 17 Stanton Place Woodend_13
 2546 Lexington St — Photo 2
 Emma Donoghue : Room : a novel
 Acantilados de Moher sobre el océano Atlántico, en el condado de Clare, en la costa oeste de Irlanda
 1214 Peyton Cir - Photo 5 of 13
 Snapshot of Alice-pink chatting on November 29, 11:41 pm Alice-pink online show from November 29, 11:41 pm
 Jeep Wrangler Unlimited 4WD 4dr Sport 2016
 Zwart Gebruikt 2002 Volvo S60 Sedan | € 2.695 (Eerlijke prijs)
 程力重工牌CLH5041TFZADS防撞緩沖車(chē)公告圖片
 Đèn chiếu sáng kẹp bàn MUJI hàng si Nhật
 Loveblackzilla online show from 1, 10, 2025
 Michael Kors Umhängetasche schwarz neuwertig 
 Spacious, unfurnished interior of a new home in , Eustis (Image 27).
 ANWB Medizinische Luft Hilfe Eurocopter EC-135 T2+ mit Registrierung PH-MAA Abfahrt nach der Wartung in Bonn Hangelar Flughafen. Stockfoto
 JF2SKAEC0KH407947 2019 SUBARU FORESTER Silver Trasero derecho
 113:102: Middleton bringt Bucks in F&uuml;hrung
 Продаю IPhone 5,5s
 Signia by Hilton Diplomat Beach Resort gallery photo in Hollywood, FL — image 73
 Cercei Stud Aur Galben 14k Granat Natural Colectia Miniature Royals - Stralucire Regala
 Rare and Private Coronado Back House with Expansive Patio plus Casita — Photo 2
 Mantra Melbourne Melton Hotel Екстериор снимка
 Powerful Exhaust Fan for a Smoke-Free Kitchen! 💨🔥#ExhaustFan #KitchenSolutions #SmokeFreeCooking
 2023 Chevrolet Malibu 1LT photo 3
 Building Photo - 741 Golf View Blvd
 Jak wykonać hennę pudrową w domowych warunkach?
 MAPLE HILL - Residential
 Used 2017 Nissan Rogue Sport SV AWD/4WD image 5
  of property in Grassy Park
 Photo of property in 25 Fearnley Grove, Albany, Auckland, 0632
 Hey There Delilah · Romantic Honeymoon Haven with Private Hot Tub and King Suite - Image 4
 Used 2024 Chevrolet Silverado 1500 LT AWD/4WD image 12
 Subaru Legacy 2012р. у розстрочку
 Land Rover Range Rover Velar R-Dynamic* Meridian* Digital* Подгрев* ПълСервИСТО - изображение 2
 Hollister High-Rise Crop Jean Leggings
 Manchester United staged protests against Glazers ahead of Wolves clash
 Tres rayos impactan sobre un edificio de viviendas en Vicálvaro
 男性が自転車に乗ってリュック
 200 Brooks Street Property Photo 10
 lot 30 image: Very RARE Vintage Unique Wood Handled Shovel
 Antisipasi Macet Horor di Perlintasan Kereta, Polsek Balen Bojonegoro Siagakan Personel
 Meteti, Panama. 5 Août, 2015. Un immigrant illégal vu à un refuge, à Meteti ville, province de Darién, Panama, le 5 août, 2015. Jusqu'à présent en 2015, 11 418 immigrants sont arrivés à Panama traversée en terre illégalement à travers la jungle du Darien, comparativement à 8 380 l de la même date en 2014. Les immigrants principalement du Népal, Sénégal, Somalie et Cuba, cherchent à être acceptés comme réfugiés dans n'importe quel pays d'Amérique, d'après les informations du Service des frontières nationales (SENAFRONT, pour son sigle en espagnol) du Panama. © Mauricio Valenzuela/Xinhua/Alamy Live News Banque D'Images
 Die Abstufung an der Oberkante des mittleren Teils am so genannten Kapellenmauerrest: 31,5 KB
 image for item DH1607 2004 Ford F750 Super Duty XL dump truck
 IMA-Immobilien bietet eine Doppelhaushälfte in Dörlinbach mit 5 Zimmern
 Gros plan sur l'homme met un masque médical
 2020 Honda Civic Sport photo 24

→ **ACTION ITEM**:
Send back exactly the lines of the listing above starting at the one with "2023 Chevrolet Malibu 1LT photo 3" and ending at the one with "Manchester United staged", inclusive, and no others.

→ **FINISHED TASK**:
 2023 Chevrolet Malibu 1LT photo 3
 Building Photo - 741 Golf View Blvd
 Jak wykonać hennę pudrową w domowych warunkach?
 MAPLE HILL - Residential
 Used 2017 Nissan Rogue Sport SV AWD/4WD image 5
  of property in Grassy Park
 Photo of property in 25 Fearnley Grove, Albany, Auckland, 0632
 Hey There Delilah · Romantic Honeymoon Haven with Private Hot Tub and King Suite - Image 4
 Used 2024 Chevrolet Silverado 1500 LT AWD/4WD image 12
 Subaru Legacy 2012р. у розстрочку
 Land Rover Range Rover Velar R-Dynamic* Meridian* Digital* Подгрев* ПълСервИСТО - изображение 2
 Hollister High-Rise Crop Jean Leggings
 Manchester United staged protests against Glazers ahead of Wolves clash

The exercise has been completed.